Around the same time, in early 2019, a friend let them know about a new trailer for sale — the couple immediately said they wanted to buy it, and do it up for themselves.

“We were going to start flipping Airstreams: buying, renovating and then selling them — it felt more doable and safer,” says Oliver. They called their new vehicle Hope. Eventually, they sold her to a woman “to park on her own land, as a way to live in peace and solitude and grow deeper into herself,” as Oliver writes in the book. Their next Airstream? Hawk, in which she wrote it.

Van life in a pandemic

Because, just as they were embarking on this new chapter, Oliver was asked to write about van life. So they jumped back behind Hawk’s newly restored wheel and spent the next year the US, photographing people who were living in renovated Airstreams. They were already talking about potentially settling down, with their daughter ready to start junior high school, when the pandemic hit.

“Covid really forced our hand,” she says. “We were back on the road when the world shut down. Campgrounds were closing, everyone was saying go home, but for nomads, where do you go home to?”

They parked up in the back yard of Prasse’s parents’ house in Kansas, and stayed there for a few months. Then they talked. A studio was a necessity to carry out their renovation work, they decided.

“Staying in my inlaws’ back yard wasn’t an option, so we said, OK, it’s time to settle down,” says Oliver. On June 4, 2020 — she remembers the date instantly — they moved into a house, back in the Midwest.

Nearly two years on, they’re working on their 12th vehicle.

Matching personality with van

For Oliver, the road is, clearly, life — and she wants to bring that life to the projects they work on for other people. So how do you encapsulate someone’s essence in a camper van?
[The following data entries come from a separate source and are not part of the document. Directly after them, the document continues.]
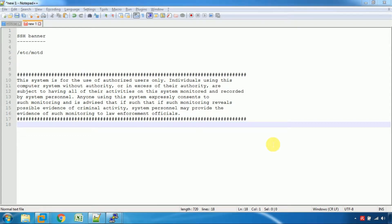What is SSH Banner? SSH Banner is a banner on our computer.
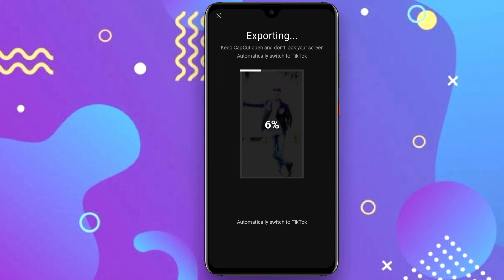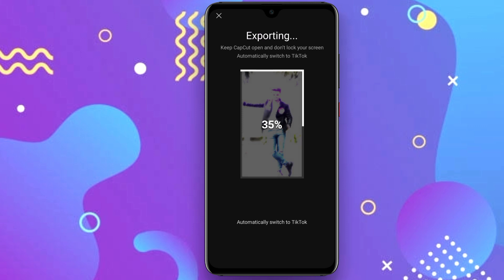The computer automatically switches to save. You can upload the video from the camera, and the file is available to upload to the local storage from the video file.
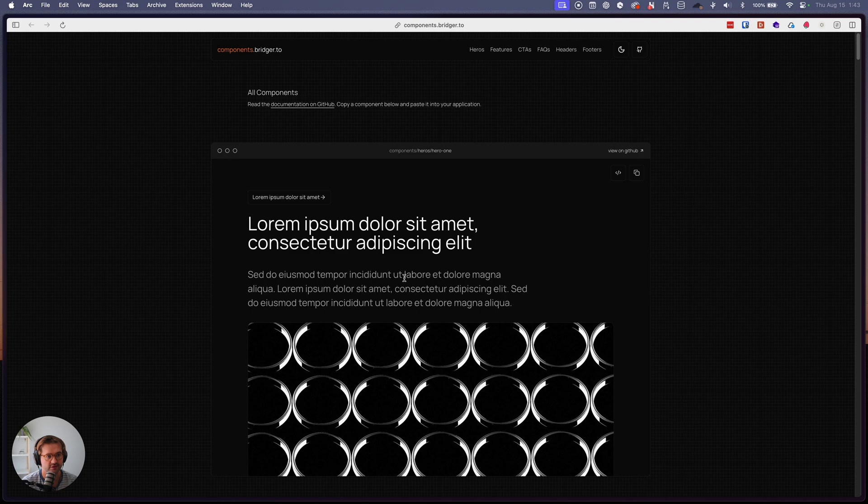And it uses ShadCN, Tailwind, and React.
“I can’t design for someone if I don’t know who they are,” she says. “I like to have really intimate conversations — some are up for that, some are not. We start with how they live now. That’s crucial — for clients wanting to use it as a home it’s important to get a sense of the way they work, and move through a space, so they don’t feel their movements are having to shift.

“I want to know what they do for work, what their style of work is. Do they prefer to sit on a couch, at a desk, do they need a separate workspace?”

Once they’ve talked needs and style, they move on to design. The couple’s signature touches? Frosted Plexiglass doors separating living spaces, and lots of walnut wood to bring the outdoors in.

Oliver is a firm believer of the power of getting out on the road.

“When I went out there for the first time, and I was so far from the Midwest, everything I’d been raised in, I could breathe and see myself for the first time,” she says.

“I could see who I was because I had the space and time to think about it. I think a lot of people think of it as escapism — I went to escape my life I didn’t want, and find the life I did [want]. There’s so much distracting us, and we lose sight of ourselves really easily.

“I think people go to find out who they are away from all of that. I think we need to sit in that quiet.”